# Action item:
No pictures go into the output, which should consist only of the lines from the first line of the data through the line with "Fluffy. If something", copied exactly.

# Dataset content:
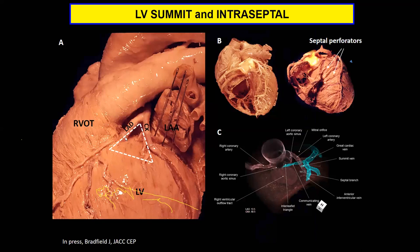The LV summit is defined by the LAD and the circumflex and the triangle formed by them. I like to include intraseptal VTs when discussing the LV summit — while they are not the same, they're sort of an extension of the summit and fall into the same category because of how complex they are to ablate, being often deep in the myocardium. This is a CT scan from Shumpei Murray, one of our excellent colleagues, showing some of the venous branches often targeted: the communicating vein, the summit vein, the septal branches, with the RVOT removed to show the complex anatomy that can be targeted for these arrhythmias.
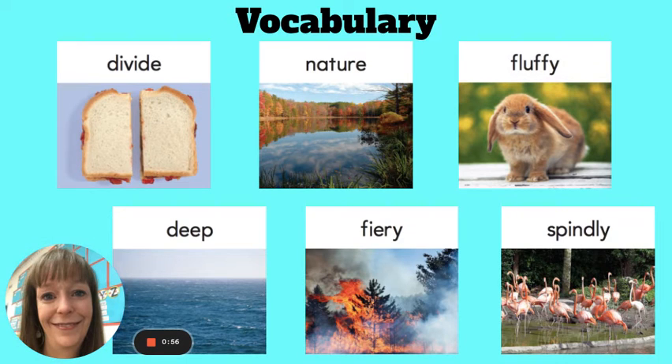Fluffy. If something is fluffy, it looks soft and poofy like a cloud. The rabbit is soft and fluffy.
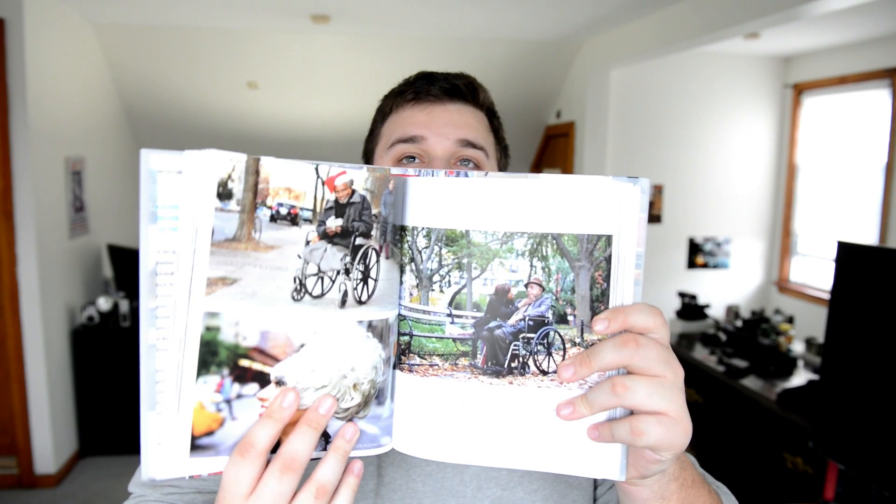Another book I got is Humans of New York by Brandon Stanton — I really wanted this. If you follow his Facebook page or any of his following, he basically documents people of New York; he goes around, takes photos of them on the streets, and gets a quote from them. He shoots everything in cool ways, he's a really good portrait photographer, and he captures an essence of a person. It's really cool and I'm looking forward to reading it.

# Your solution:
The LV summit is defined by the LAD and the circumflex and the triangle formed by them. I like to include intraseptal VTs when discussing the LV summit — while they are not the same, they're sort of an extension of the summit and fall into the same category because of how complex they are to ablate, being often deep in the myocardium. This is a CT scan from Shumpei Murray, one of our excellent colleagues, showing some of the venous branches often targeted: the communicating vein, the summit vein, the septal branches, with the RVOT removed to show the complex anatomy that can be targeted for these arrhythmias.
Fluffy. If something is fluffy, it looks soft and poofy like a cloud. The rabbit is soft and fluffy.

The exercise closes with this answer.